ADR-0689: VMAFX CI Matrix Deduplication¶

Status: Accepted
Date: 2026-05-28
Deciders: lusoris
Tags: ci, build, vmafx

Context¶

The fork's CI build matrix in .github/workflows/libvmaf-build-matrix.yml and .github/workflows/tests-and-quality-gates.yml accumulated redundant legs over successive PRs without a systematic review. As of 2026-05-28 the matrix ran 20 active build rows plus separate test jobs, with several rows that were proper subsets of other rows (the plain CPU legs covered no failure mode not already caught by the DNN legs). The VMAFX rebrand plan (ADR-0686 umbrella) called for "CI matrix: dedupe properly — catch everything but don't run a hundred times; avoid the current N-way matrix fan-out."

Additionally, tests-and-quality-gates.yml contained two Vulkan cross-backend jobs (vulkan-vif-cross-backend and vulkan-parity-matrix-gate) that ran the identical workload — same binary, same fixtures, same lavapipe ICD, same Netflix normal pair — with the newer parity gate being a strict superset of the older per-feature diff job.

Decision¶

We remove the following legs from the PR CI matrix and consolidate as described:

Removed from `libvmaf-build-matrix.yml` — `libvmaf-build` job¶

Removed row	Rationale
`Build — Ubuntu gcc (CPU)`	Proper subset of `Build — Ubuntu gcc (CPU) + DNN`. The DNN build compiles the entire CPU source tree with the same compiler, additionally links ORT, and runs `meson test`. No unique regression class.
`Build — Ubuntu clang (CPU)`	Proper subset of `Build — Ubuntu clang (CPU) + DNN`. Same rationale as above.
`Build — macOS clang (CPU)`	Proper subset of `Build — macOS clang (CPU) + DNN` (`experimental: true`). macOS DNN leg already validates the macOS clang + libvmaf surface.
`Build — macOS Vulkan via MoltenVK (advisory)`	Was `continue-on-error: true` and `experimental: true` — never a merge gate. Consumed ~12+ min of macOS runner time per PR. Known fragile dependency: `GL_EXT_shader_atomic_int64` via Metal Tier-2 argument buffers (ADR-0338 known limitations). Moved to `nightly.yml` where the advisory cadence is appropriate.
`Build — Ubuntu CUDA` (dynamic, gcc+nvcc)	Proper subset of `Build — Ubuntu SYCL + CUDA` (combined leg). All CUDA translation units are compiled by nvcc in the combined leg. The static-library CUDA leg (`Build — Ubuntu CUDA Static`) is retained because it exercises a distinct NVCC-static interaction that the dynamic combined leg does not.

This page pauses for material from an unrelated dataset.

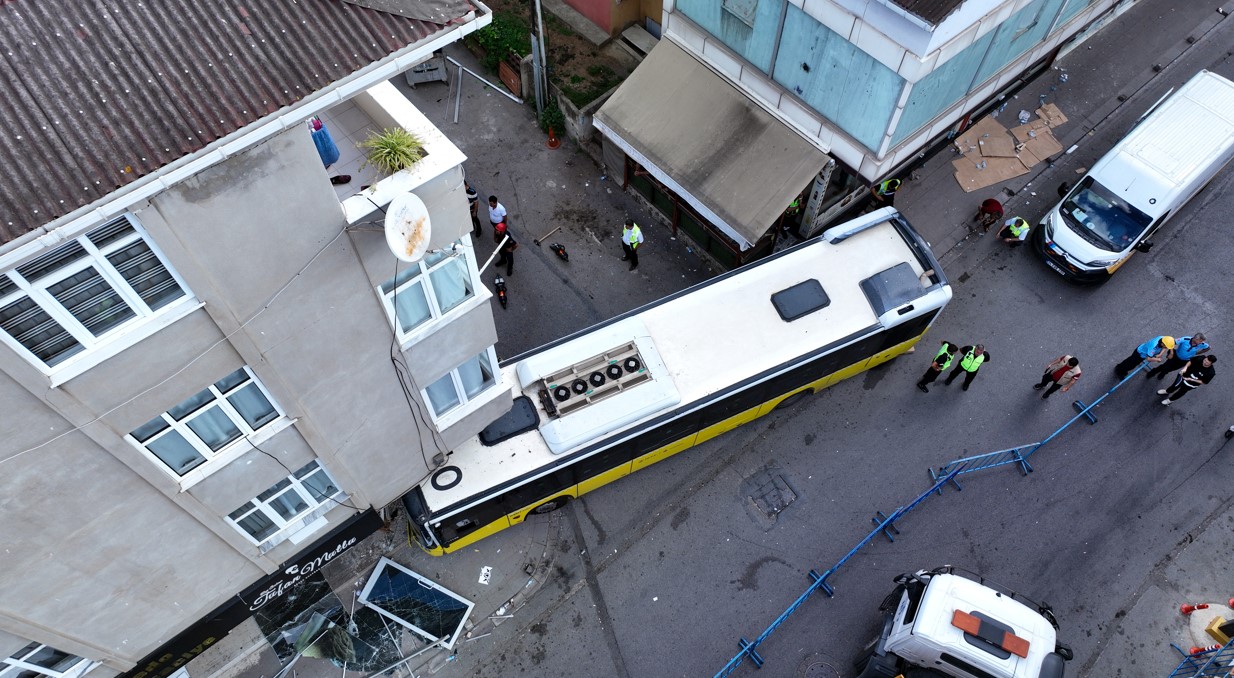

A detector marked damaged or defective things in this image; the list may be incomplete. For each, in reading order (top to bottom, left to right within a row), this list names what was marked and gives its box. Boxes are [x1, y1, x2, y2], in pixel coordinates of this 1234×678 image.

Removed from `tests-and-quality-gates.yml`¶

Removed job Rationale

vulkan-vif-cross-backend Pure duplicate of vulkan-parity-matrix-gate. Both jobs: build CPU+Vulkan with the same meson flags, select lavapipe (VK_LOADER_DRIVERS_SELECT: '*lvp*'), run against the Netflix normal pair (576×324), and diff per-frame feature scores. The parity gate uses cross_backend_parity_gate.py with calibrated ULP tolerances from gpu_ulp_calibration.yaml and covers all 17 features in one invocation; the removed job used cross_backend_vif_diff.py in 12 sequential steps. No coverage is lost.

Added to `nightly.yml`¶

New nightly job	Rationale
`moltenvk-build`	Preserves macOS MoltenVK coverage at a lower cadence; `continue-on-error: true` unchanged since MoltenVK-specific SPIR-V failures are a known-limitation class, not a correctness gate.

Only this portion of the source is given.